As reações ao fechamento do jornal começaram na sexta-feira, 12 de maio. As organizações de defesa da liberdade de imprensa concordam no perigo representado pelo fechamento e com a mensagem intimidadora que ele envia a outros meios de comunicação.

"O fechamento de qualquer meio de comunicação é uma notícia trágica para a vida comunitária quando aspiramos a viver juntos como sociedades diversas e a lidar com desacordos com mais informações e opiniões", disse Pedro Vaca, Relator Especial para a Liberdade de Expressão da Comissão Interamericana de Direitos Humanos (CIDH), ao Prensa Libre.

Em setembro de 2022, a Relatoria Especial publicou um comunicado lembrando a Guatemala de sua obrigação de "garantir plena e efetivamente o direito à liberdade de expressão e à liberdade de imprensa".

Entre os casos mencionados, a Relatoria se referiu à detenção de Zamora e da diretora financeira de elPeriódico, Flora Silva, e lembrou a validade das medidas cautelares concedidas a Zamora pela CIDH em 2003. Ele também disse que havia solicitado à Guatemala uma "visita de trabalho para verificar a situação de Zamora".

José Rubén Zamora - Guatemala

José Rubén Zamora, jornalisma guatemalteco, fundador e diretor de elPeriódico. No próximo 29 de maio, ele completa 10 meses na prisão. (Foto: Cortesia)

Na recente entrevista, Vaca reiterou sua intenção de visitar Zamora na prisão, mas disse que não recebeu resposta do Estado guatemalteco, apesar de ter enviado datas em que isso poderia ocorrer.

A Sociedade Interamericana de Imprensa (SIP) também lamentou o fechamento do elPeriódico, que descreveu como "um retrocesso para a democracia" na Guatemala.

"É uma tarefa essencial da imprensa independente fiscalizar as autoridades públicas. Por essa razão, lamentamos profundamente que a Guatemala esteja perdendo um meio de comunicação que desempenhou seu papel essencial por muitos anos, devido à pressão legal, judicial e econômica a que foi exposto", disse Michael Greenspon, presidente da SIP, de acordo com o comunicado.

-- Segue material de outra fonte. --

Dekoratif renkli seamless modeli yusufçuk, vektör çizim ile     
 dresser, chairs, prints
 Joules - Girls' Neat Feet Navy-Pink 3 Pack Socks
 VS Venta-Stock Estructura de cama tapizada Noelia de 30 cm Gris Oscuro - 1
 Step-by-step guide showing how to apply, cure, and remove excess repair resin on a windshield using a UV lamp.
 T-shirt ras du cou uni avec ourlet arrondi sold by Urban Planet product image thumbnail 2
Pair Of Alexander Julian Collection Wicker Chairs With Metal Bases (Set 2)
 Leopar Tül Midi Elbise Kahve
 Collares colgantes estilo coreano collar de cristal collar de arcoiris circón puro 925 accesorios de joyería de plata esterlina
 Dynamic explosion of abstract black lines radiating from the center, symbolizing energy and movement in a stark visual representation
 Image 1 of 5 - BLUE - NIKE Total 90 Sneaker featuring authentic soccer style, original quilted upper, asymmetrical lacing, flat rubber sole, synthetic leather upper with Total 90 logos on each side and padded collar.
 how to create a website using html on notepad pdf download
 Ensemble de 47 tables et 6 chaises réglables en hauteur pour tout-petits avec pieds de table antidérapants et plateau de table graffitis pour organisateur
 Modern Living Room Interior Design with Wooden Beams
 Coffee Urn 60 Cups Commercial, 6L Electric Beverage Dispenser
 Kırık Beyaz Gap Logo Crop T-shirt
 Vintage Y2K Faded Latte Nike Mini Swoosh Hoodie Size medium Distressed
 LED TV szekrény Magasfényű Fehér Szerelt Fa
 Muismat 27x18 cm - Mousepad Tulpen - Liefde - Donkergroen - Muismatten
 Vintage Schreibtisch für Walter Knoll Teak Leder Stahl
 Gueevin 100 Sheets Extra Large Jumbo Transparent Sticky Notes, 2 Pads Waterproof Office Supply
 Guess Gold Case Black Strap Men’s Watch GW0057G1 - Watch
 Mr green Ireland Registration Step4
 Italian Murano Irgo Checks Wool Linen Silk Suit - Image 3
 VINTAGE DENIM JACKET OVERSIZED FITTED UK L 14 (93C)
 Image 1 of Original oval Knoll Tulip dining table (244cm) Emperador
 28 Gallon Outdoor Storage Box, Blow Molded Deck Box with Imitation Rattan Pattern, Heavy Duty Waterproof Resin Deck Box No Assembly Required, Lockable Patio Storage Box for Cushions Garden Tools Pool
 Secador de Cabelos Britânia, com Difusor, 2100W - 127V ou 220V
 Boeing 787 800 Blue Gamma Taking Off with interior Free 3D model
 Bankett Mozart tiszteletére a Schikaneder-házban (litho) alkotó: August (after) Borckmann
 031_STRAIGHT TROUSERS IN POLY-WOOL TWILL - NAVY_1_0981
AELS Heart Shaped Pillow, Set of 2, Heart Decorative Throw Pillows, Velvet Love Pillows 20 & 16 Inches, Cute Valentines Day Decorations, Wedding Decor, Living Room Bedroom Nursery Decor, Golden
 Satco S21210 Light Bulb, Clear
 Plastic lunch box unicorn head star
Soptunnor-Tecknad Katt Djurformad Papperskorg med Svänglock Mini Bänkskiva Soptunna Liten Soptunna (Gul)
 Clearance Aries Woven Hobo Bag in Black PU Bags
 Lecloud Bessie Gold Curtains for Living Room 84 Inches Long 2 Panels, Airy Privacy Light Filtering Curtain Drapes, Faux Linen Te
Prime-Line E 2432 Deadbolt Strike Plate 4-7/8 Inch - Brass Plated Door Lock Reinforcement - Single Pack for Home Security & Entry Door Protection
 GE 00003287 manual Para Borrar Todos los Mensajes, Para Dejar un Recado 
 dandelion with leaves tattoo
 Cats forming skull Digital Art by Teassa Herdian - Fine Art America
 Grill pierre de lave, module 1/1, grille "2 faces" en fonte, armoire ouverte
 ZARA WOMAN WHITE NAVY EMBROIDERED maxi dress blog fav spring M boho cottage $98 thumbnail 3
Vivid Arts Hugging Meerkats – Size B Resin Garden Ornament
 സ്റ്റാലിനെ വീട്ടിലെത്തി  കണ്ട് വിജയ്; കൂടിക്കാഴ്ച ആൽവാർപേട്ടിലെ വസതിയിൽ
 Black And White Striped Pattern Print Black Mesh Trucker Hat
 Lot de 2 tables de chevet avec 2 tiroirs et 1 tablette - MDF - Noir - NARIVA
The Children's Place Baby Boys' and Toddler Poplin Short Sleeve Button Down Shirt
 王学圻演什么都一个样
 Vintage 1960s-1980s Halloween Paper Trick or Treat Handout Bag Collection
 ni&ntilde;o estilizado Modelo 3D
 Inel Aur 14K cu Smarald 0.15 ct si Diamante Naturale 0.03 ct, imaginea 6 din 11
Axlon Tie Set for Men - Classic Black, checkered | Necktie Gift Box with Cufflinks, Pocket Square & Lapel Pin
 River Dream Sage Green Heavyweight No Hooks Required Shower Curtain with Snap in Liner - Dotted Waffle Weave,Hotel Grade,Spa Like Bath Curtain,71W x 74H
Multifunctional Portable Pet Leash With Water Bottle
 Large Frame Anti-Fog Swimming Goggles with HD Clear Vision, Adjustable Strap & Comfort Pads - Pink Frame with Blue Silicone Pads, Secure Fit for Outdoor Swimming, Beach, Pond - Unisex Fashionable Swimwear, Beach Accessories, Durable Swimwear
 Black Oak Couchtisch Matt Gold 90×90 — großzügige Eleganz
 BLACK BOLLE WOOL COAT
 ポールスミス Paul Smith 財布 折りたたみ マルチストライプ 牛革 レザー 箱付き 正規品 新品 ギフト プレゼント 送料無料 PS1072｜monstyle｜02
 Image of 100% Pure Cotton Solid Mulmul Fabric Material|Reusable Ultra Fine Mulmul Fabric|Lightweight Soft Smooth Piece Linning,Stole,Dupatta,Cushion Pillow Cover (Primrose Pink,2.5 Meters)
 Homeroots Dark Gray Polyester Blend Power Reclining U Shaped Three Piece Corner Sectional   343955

Em sua conta no Twitter, o Comitê para Proteção de Jornalistas (CPJ) lamentou o fechamento, expressou solidariedade aos seus jornalistas e lembrou as repetidas denúncias da organização sobre "o assédio constante ao El Periódico". Também exigiu a libertação imediata de José Rubén Zamora.

O Centro Internacional para Jornalistas (ICFJ) disse que estava "arrasado com o fato de que, devido à pressão do governo, elPeriódico foi forçado a fechar". Acrescentou que José Rubén Zamora "também permanece injustamente atrás das grades".

Juan Pappier, subdiretor interino da divisão das Américas da Human Rights Watch, chamou o fechamento de "um golpe duro na luta pela democracia e pela liberdade de imprensa na América Central".

Na Guatemala, um grupo de pessoas se reuniu em frente à Suprema Corte de Justiça para protestar contra o fechamento do jornal. De acordo com o coletivo Festivales Solidarios, os manifestantes estão se manifestando contra o "assassinato do elPeriódico, um dos meios de comunicação que durante anos desmantelou e investigou vários governos", publicou o jornal.